Referral From a Lost Opportunity
Two years ago I lost a bid on a project, and just last week the would-be client recommended me over the design firm he eventually used. It seems that maintaining professionalism and humbleness even in the face of defeat can also yield opportunities.
Something odd happened to me earlier this week that I think is worth relating strictly for its anecdotal qualities. It turns out that a new client I met with just this week was referred to me by a person for whose website project I bid on but ultimately lost to a competitor.
Two years ago, a commercial real estate developer contacted me to provide an estimate on a website redesign. I put together a competitive and detailed proposal, and visited the client in their office to go over my methodology, their business, and the scope of the new site in some detail. I was confident the job was mine; the client and I developed an immediate back-slapping rapport, and we clearly saw eye-to-eye on all aspects of the project.
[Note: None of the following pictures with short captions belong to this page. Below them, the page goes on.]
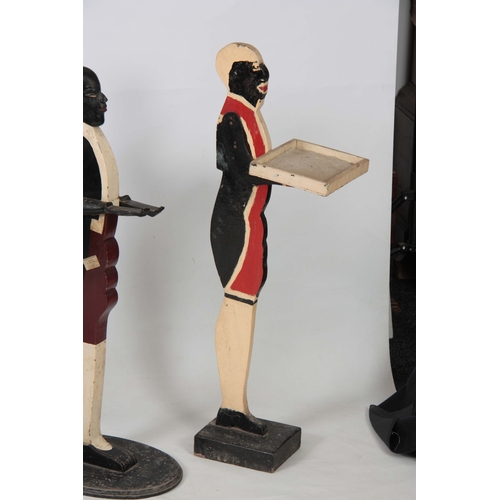 1120 - FOUR EARLY 20TH CENTURY FIGURAL DUMB WAITERS three decorated as blackamore figures and one decorated... 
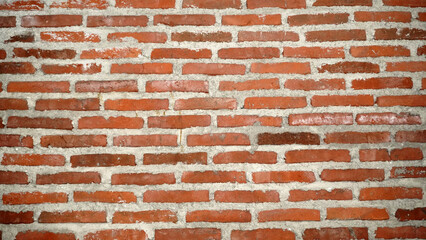 Fototapeta premium Classic red brick wall with white mortar joints.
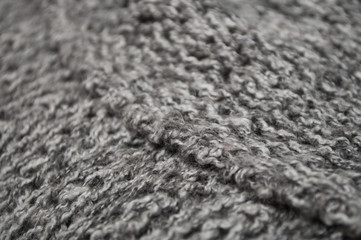 Closeup of grey woolen pullover texture
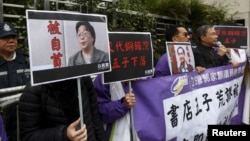 香港民主抗议者举着铜锣湾书店老板桂民海(左)和李波(右)的肖像(2016年1月19日)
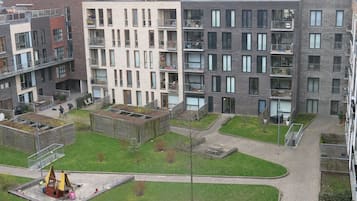 Un edificio residencial de varios pisos con balcones, un área de juegos y una estructura de techo verde.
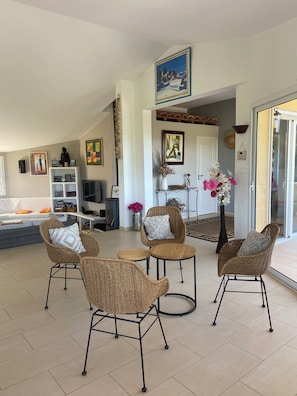 A spacious living room with wicker furniture, a television, and artwork on the walls. - House / Villa - SAINTE LUCIE DE PORTO VECCHIO (Zonza)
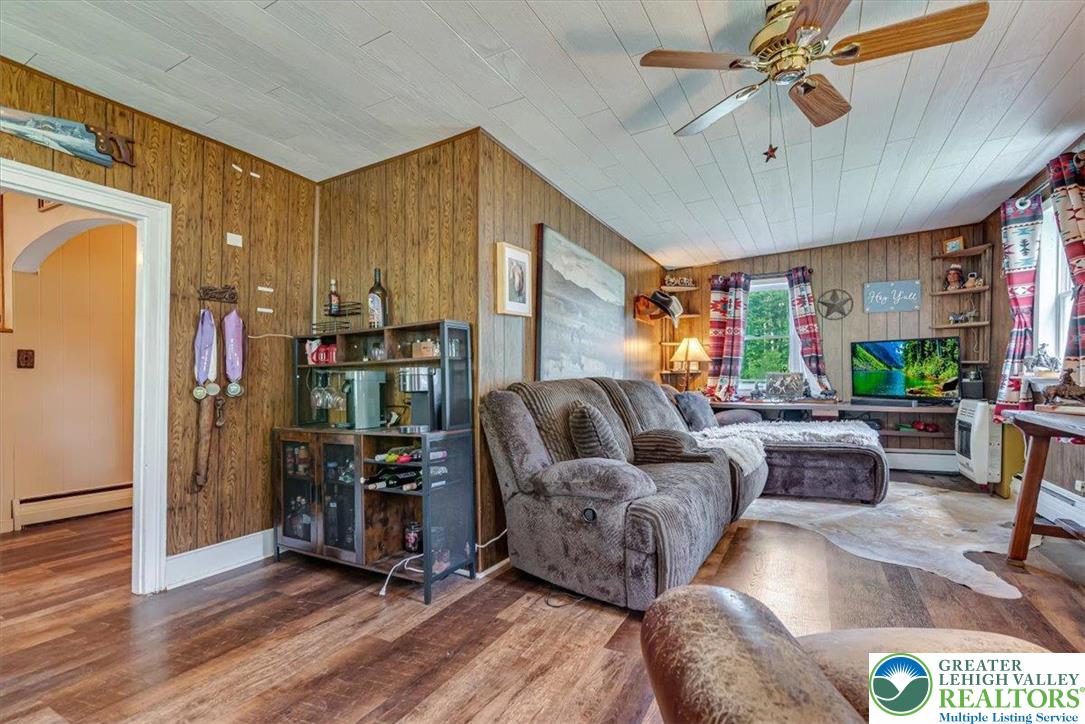 173 Anchorage Road Saylorsburg, PA 18353 - Photo 21 of 75 a living room with furniture and a fireplace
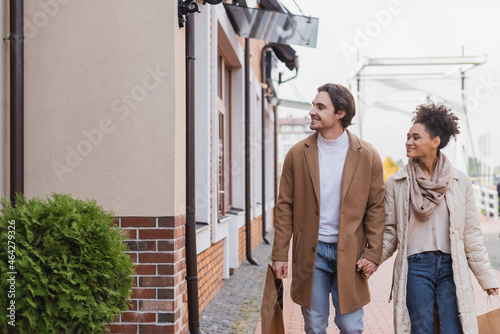 cheerful african american woman holding hands with boyfriend holding shopping bags while walking near mall.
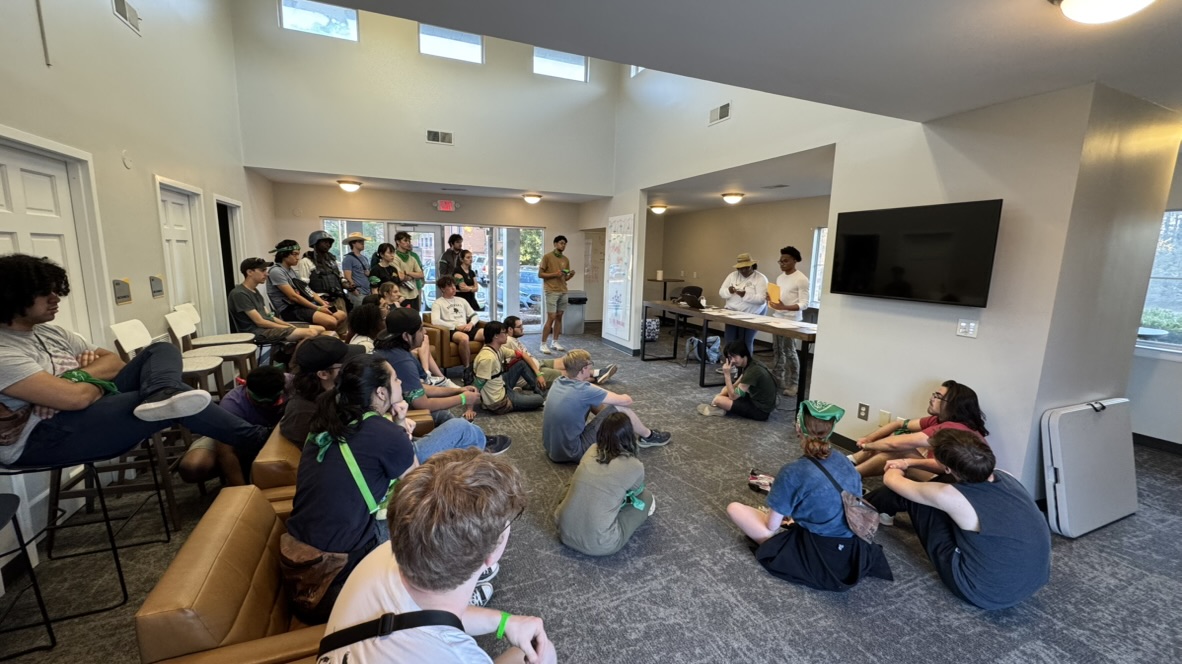 Players seated in a room during a game briefing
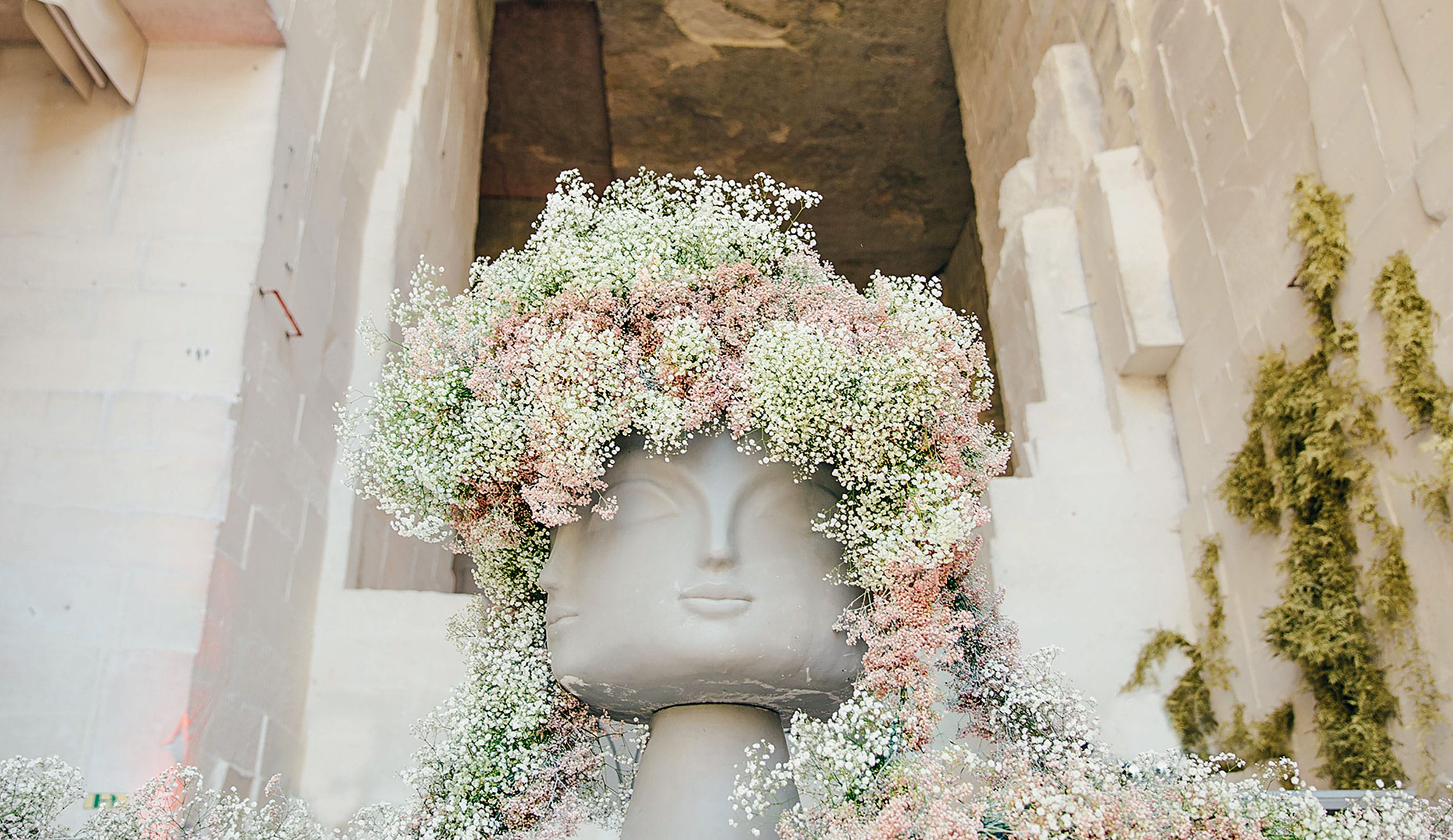 Sculpted head adorned with cascading pink and white flowers, set against a textured stone background.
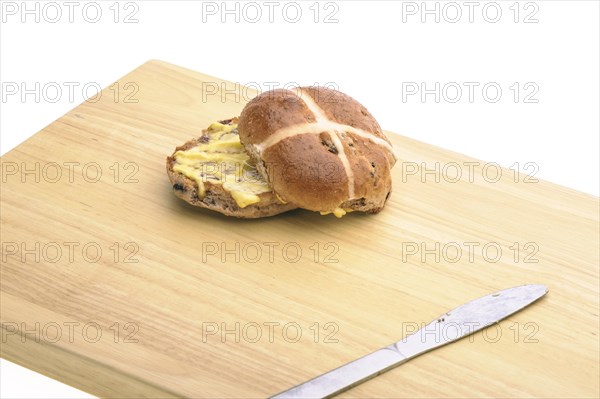 Hot cross bun with knife on a wooden board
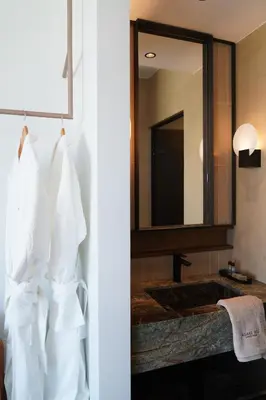 a bathroom with a sink and a mirror at AGAVE HILL LUXURY HOUSE in Chania Town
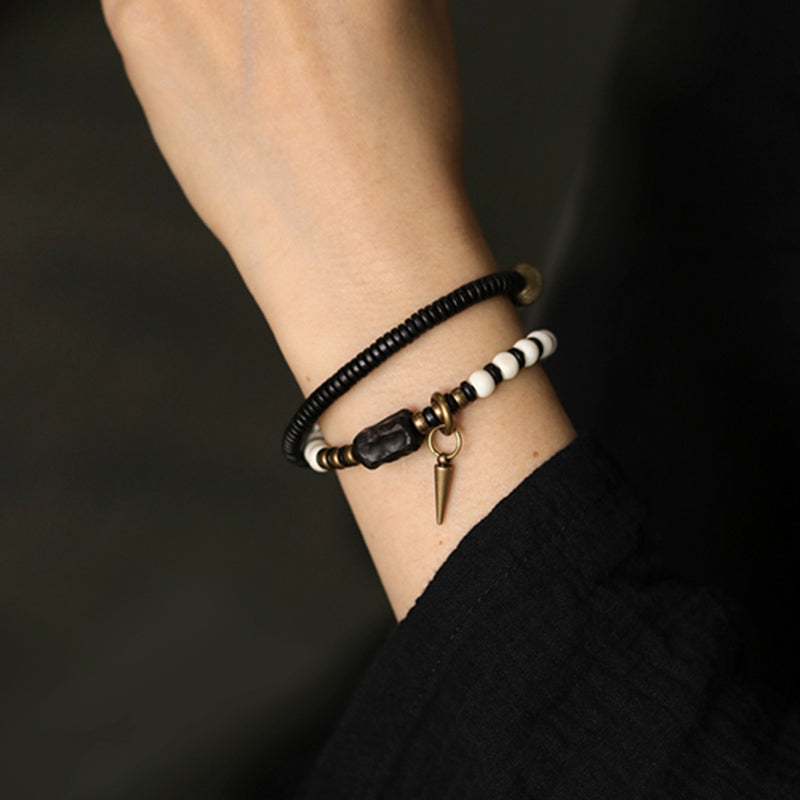 Bracelet de couple Foviel en perles d'os, bois d'ébène et cuivre, symbole de force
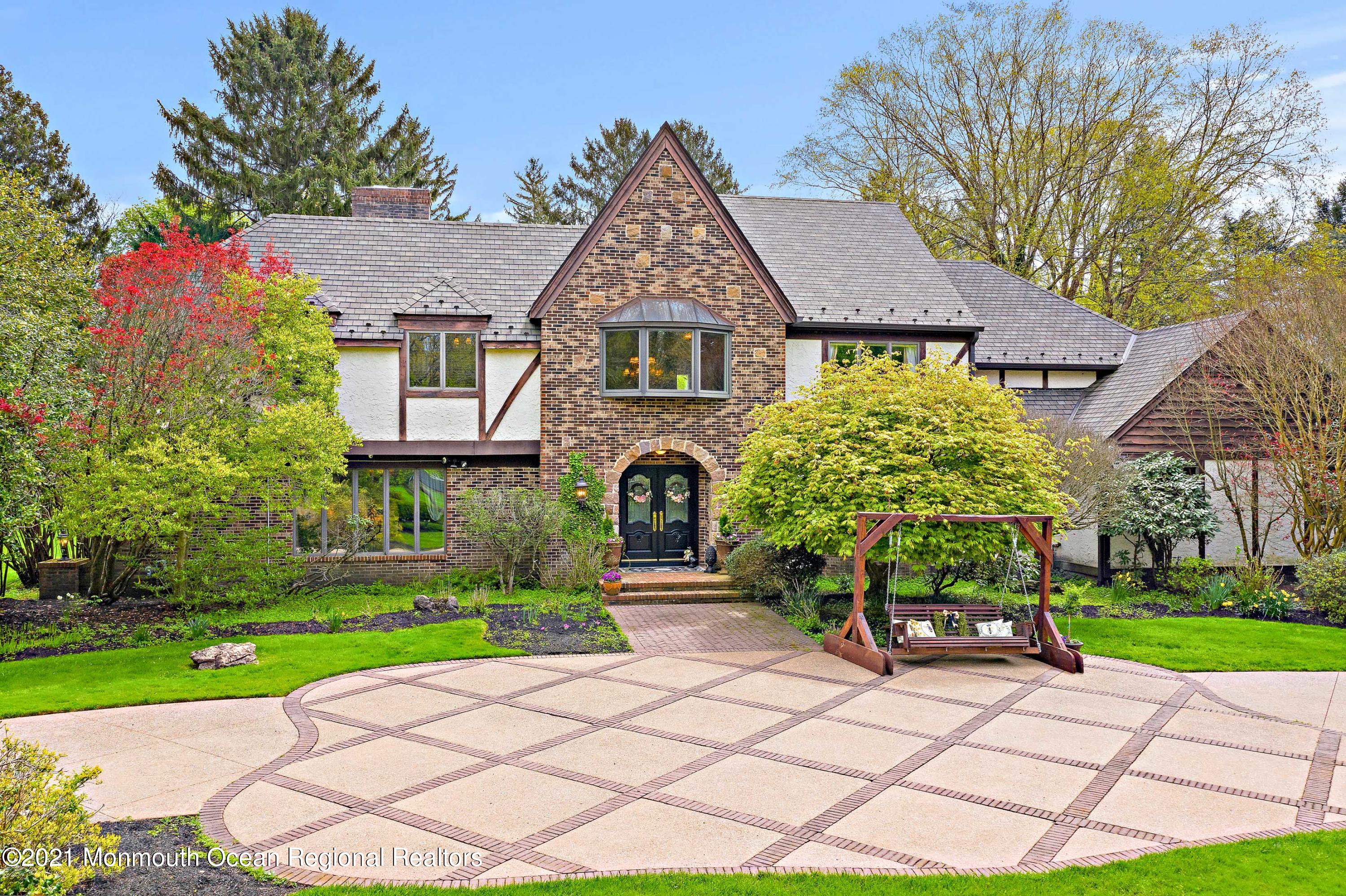 5 Post Road Rumson, NJ 07760 - Photo 1 of 67 a front view of a house with a yard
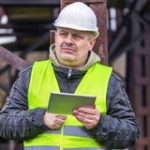 construction worker confused reading ipad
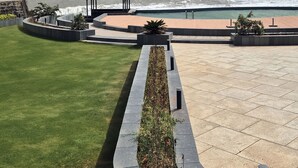 A landscaped outdoor area with a pool, seating areas, and a view of the ocean. - Ginger Diu Jalandhar Beach (Diu)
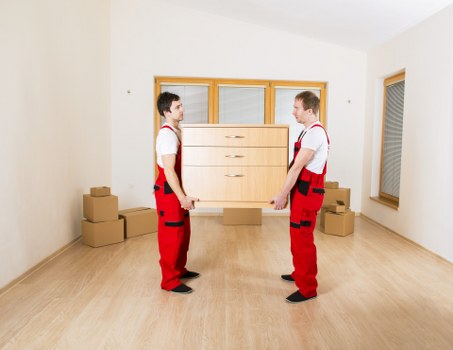 Workers checking moving equipment and securing heavy items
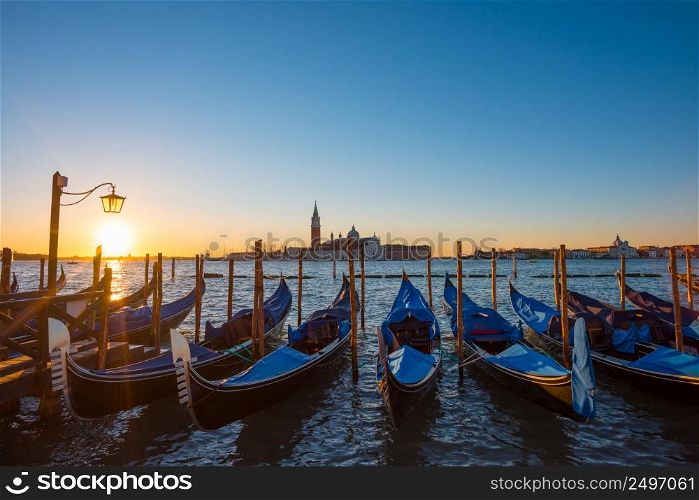 Gondolas. Venice Italy seafront with gondolas and church on background at sunrise.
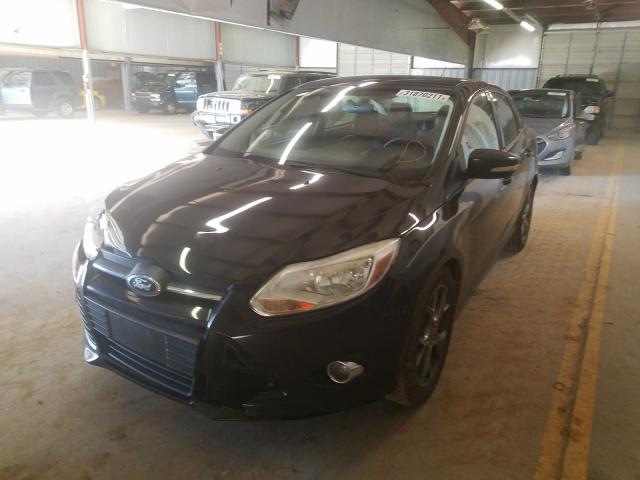 Photo 1 VIN: 1FADP3F25DL213799 - FORD FOCUS SE 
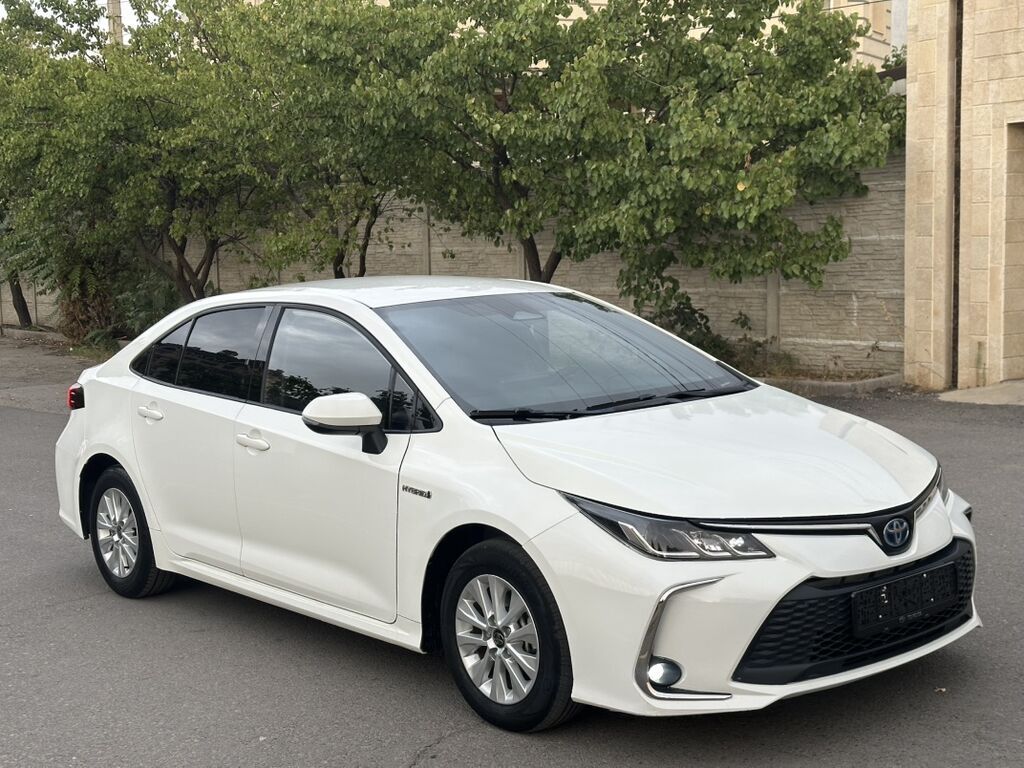 Toyota Corolla: 2023 г., 1.8 л, Автомат, Гибрид, Седан: фото 3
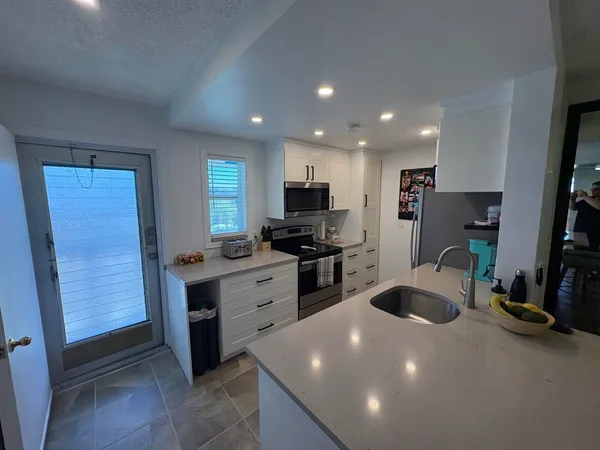 a kitchen with sink a refrigerator and cabinets
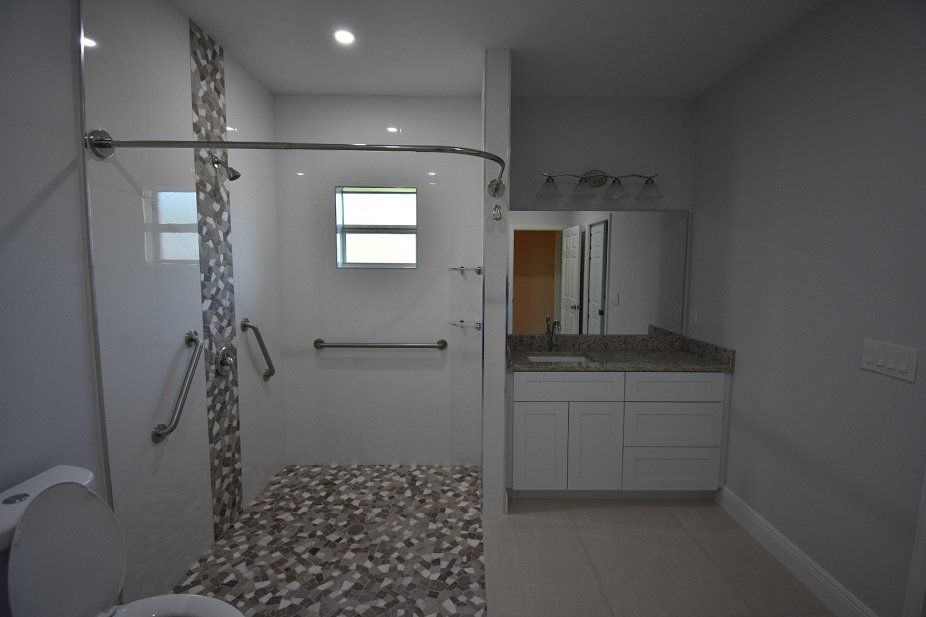 A bathroom with a walk in shower, sink and mirror.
Unfortunately, the client’s partner did not like me, and the company ended up going with another local design firm. I was surprised, annoyed, and disappointed. But I sent the would-be client one final e-mail congratulating them on finding a design firm with whom they were comfortable, good luck in future endeavors, and some other mushy business fluff that I considered a formality at the time.
Fast forward two years. Well it turns out the client I met with this week is related by marriage to this real estate developer, and when my new client sought recommendations for a local web designer, he gave her my name — not the name of the firm his own company ended up using.
I have never been referred by someone who chose not to use my services over a competitor; in fact, I never even considered it a source of leads. A lost bid is water under the bridge, after all. But I guess the qualities that help a freelancer win a job — professionalism, humbleness, and talent — are equally valuable when accepting defeat and backing out of an opportunity. You know, graceful exit and all that.